We have a dedicated ISCSI storage network (physically isolated 10GbE switches )
We have 10 ESXi hosts in a single cluster each with one dual port 10 GbE NIC dedicated for storage networking
The Dell SANs each have two controllers. Each controller has one dual port 10GbE NIC. Dell insist that to utilise both 10GbE ports in each controller efficiently, each port in each controller has to be on its own subnet. For this purpose I can probably use two subnets per SAN distributed between controllers
So we end up with say with 4 subnets and 4 VLANs on the storage network.
I immediately have a problem as there should be a 1:1 ratio of vmk to physical NIC and subnet on ESXi, and I only have two physical 10GbE ports in each host.

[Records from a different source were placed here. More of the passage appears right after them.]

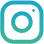 Instagram Icon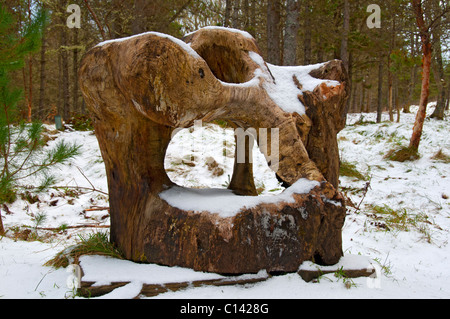 Scultura di Dunnett Foresta, Vicino Castletown, Caithness in Scozia, Regno Unito. Albero scolpito trunk. Foto Stock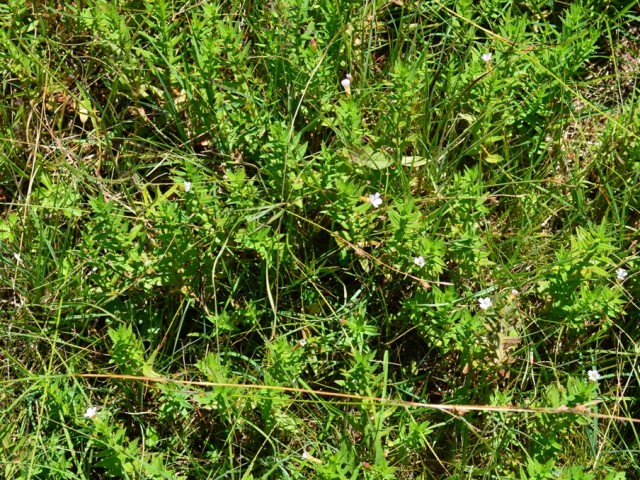 Navadna božja milost (Gratiola officinalis), foto: Čelik T.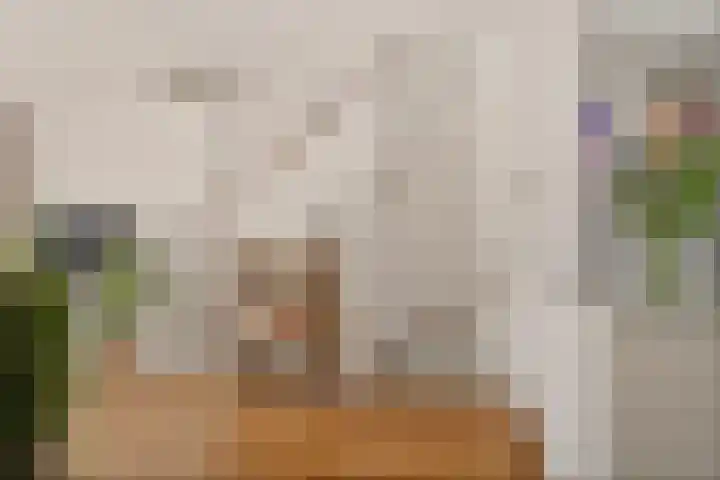Voormeer 2 A Alkmaar thumbnail 25
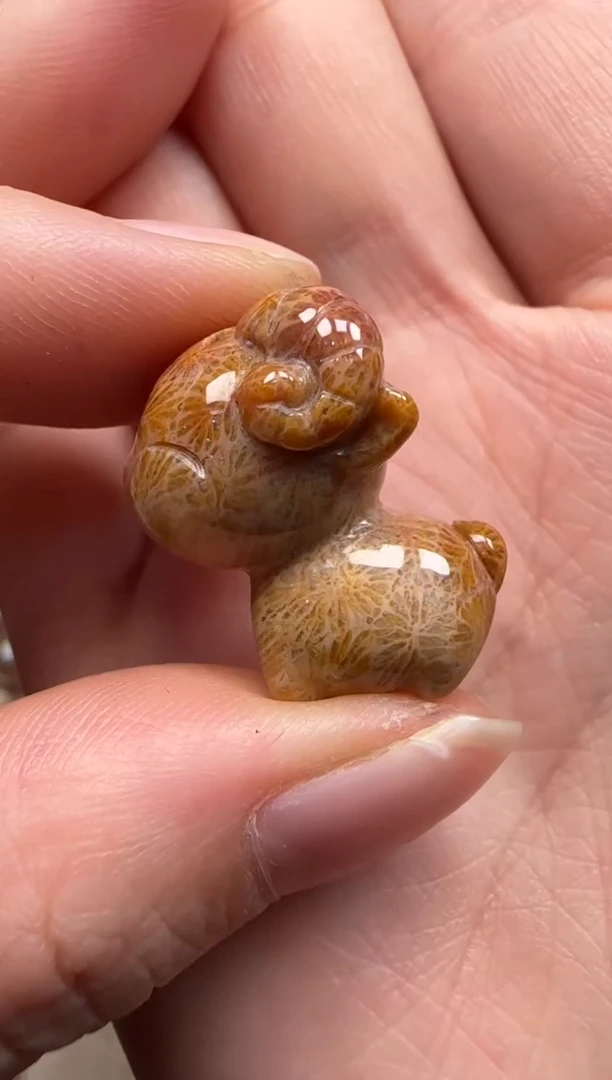 【闪购商品】硅化珊瑚（珊瑚玉）颈饰未镶嵌405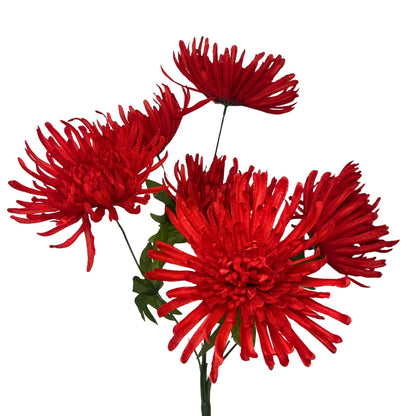 Large Spider Mum Bush x7 - 23" Red | GTE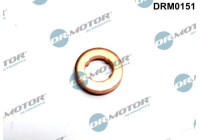 Sealing ring, Injector/Nozzle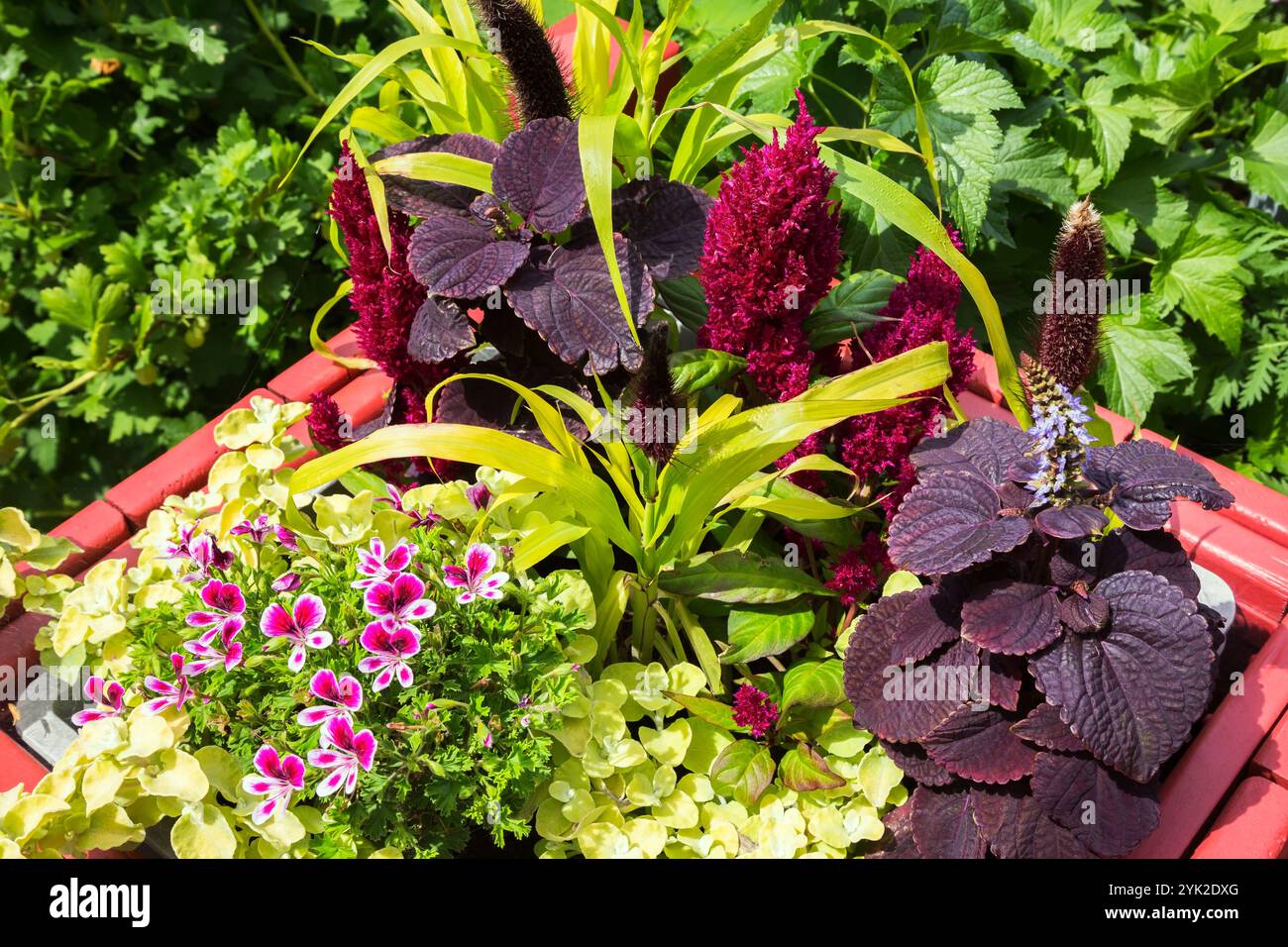Live Plants - Citronella Geraniu - Pelargoniu - Perennials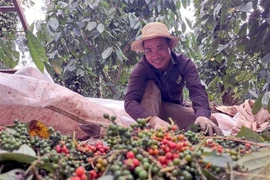 A farmer sorts pepper in a farm in Lam Dong province. (Photo: VNA)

Is it safe to break the 1:1 ratio rule? Are there any workarounds (apart from adding more cards)?
Assuming I have set this all up somehow breaking the 1:1 ratio rule, and I go to add the vmks to the ISCSI software adapter. How does the ISCSI multipathing know which SAN is which when a link goes down?
There's a vDS design where you don't bind iSCSI vmk to a physical NIC. Create the 4 iSCSI vmk, make both pNIC active in all iSCSI vmk and let NIOC control them. Haven't really played around with this configuration, so couldn't tell you how well it works.

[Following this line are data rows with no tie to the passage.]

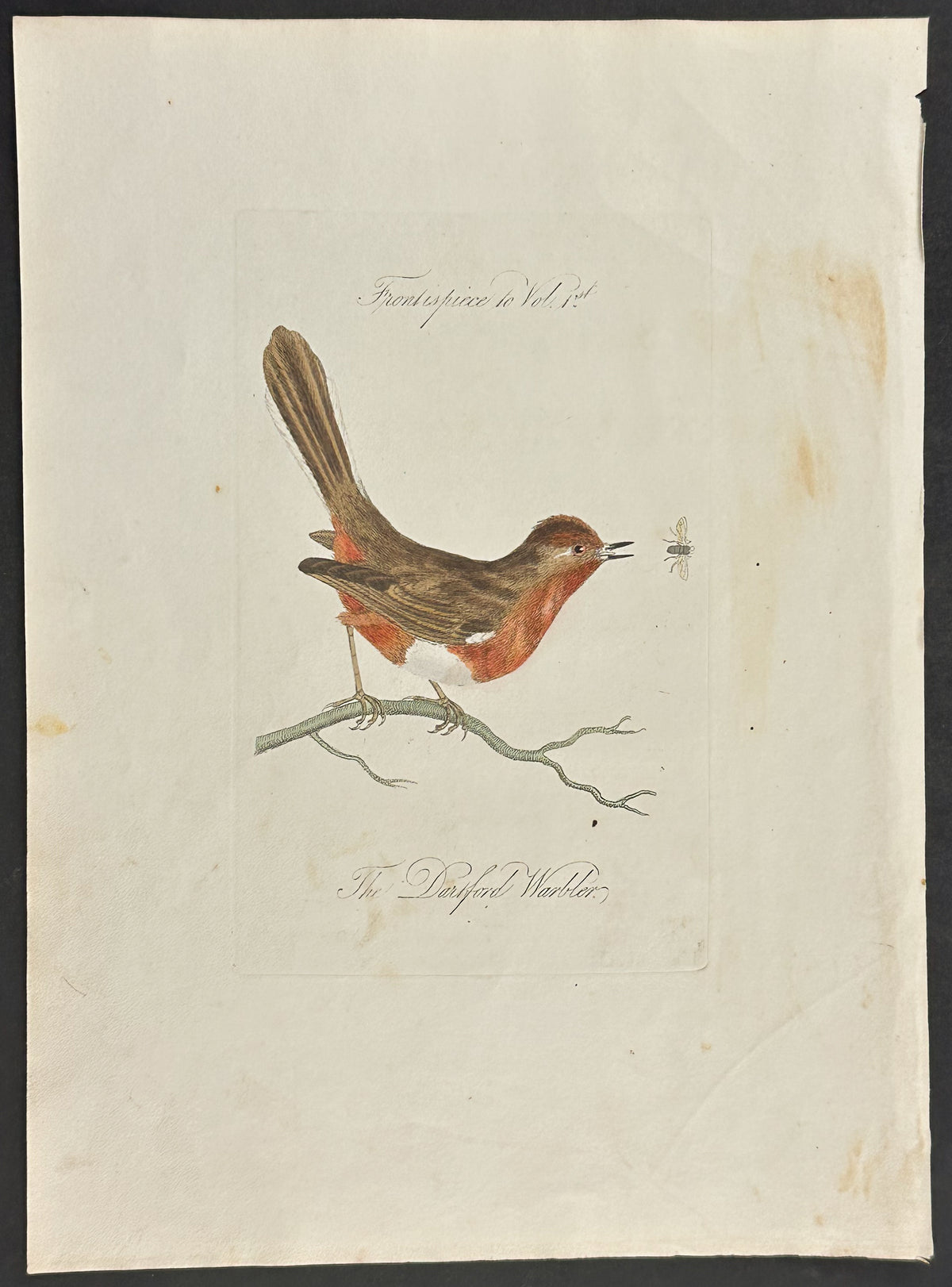 Frontispiece - Starling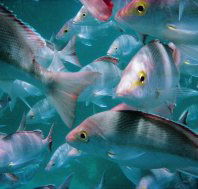 Wolf Rock Dive Site - Australian Destinations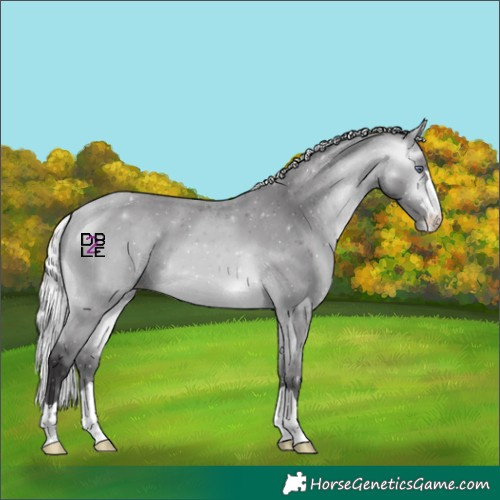 Horse Color:Silver Buckskin Chinchilla Varnish 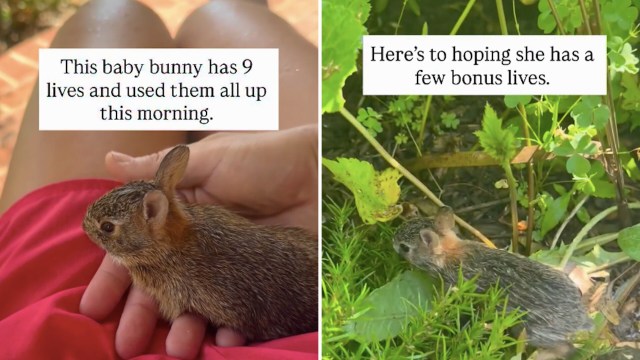 A person holding a baby bunny, and the bunny sitting in grass.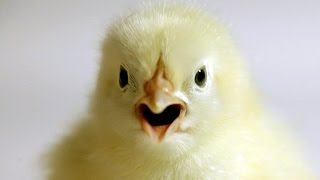 BABY CHICK Video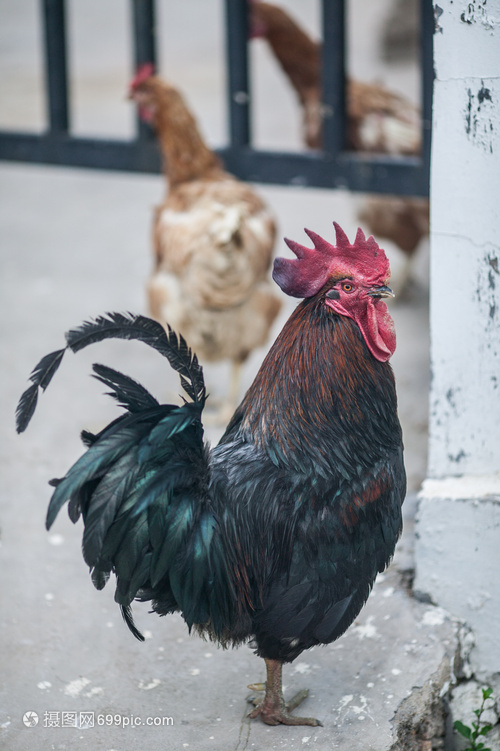 家禽鸡 人类餐桌上的重要伙伴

Vmware multipathing drivers handle the detection of using different paths/addresses to hit the same LUN. This is a pretty good step-by-step on how I would do this (from Synology, but applicable):
Edit: just realized the problem, you'll nee two vmkernel ports per adapter since you have 4 subnets and 2 ports. You can't do this with multipathing in VMware since you can't add an adapter that has more than one vmkernel port to the network configuration tab of the ISCSI adapter settings as shown in the guide above.
You don't have to use multipath, but then you'll only be able to point to one controller port on one controller on the SAN.
The use of multiple subnets makes little sense if the subnets all go through the same switching hardware and hit the same targets. I would put them all on the same subnet or use two subnets, and port A on both controllers in subnet 1 and both ports B on subnet 2, but 4 subnets means 4 NICS in each host.
Thanks for the reply.
Yes the issue is that Dell insist that it is a requirement to have a different subnet on each port on each controller, and I am not sure how wise it is to use the same subnet/VLAN for each separate SAN. I think it may be best practice to have the ISCSI traffic on two separate SANS on separate subnets/VLANs....
You are going to need 2 more 10GbE ports per host in that case. Only way to retain multipath, load balancing and fault tolerance.
There is a way to get it to work, but you'll lose fault tolerance and load balancing. Just make a vswitch with both 10GbE connected as Trunk ports. Make vmkernel ports as needed on that switch with different IPs tagged with different VLANs. Then you don't configure anything in the ISCSI adapter settings except for targets. VMware automatically finds the ISCSI target based on connected VMkernels. Since you have 2 links to the vswitch you'll be able to withstand a port or switch loss, but you won't fail over if a SAN controller goes down, unless it has a virtual IP you can connect to.
I did it this way with Lefthands back in the 3.5/4.0 days before multipath was really an option. It works, but it's no longer recommended.
Yes I am going to contact Dell to see if I can say use just two subnets/VLANs. One for SAN1 and the other for SAN2. This way I can have 1 vmk to pNIC ratio and declare then in the ISCSI Software adapter and effectively have proper MPIO as you suggest. The disadvantage may be that according to Dell (although this is not yet clear in my mind or in the documentation) if you do not assign a separate subnet to each port then multiple ports will not be utilised for IO on each controller. As the ports are 10GbE this may not be an issue anyway. Perhaps working MPIO is more important than a fat 2x10GbE pipe.
Just a thought I had, do the subnets have to be isolated? If you enabled routing, you could have different subnets, but they could still all talk to each other. If your 10GbE switches are layer 3, then it shouldn't add any noticeable overhead.
I think routing will not work. According to Dell -
"Port binding requires that all target ports of the storage array must reside on
the same broadcast domain as the VMkernel ports because routing is not supported
with port binding. See VMware KB #2017084"
That KB article says:
Port binding requires that all target ports of the storage array must reside on the same broadcast domain as the vmkernel ports because routing is not supported with port binding.
This basically means VMware does not support what Dell is telling you to do. VMware says all storage needs to be on the same subnet. They even give a sample of using different subnets being the problem in that KB.
At 1 of my engagement, they were using Dell MD3200 which had a similar issue. What the network team recomemend was 1 VLAN and 1 /24 subnet for the switch/routers. For the ESXi hosts and SAN, the /24 was broken down to /26.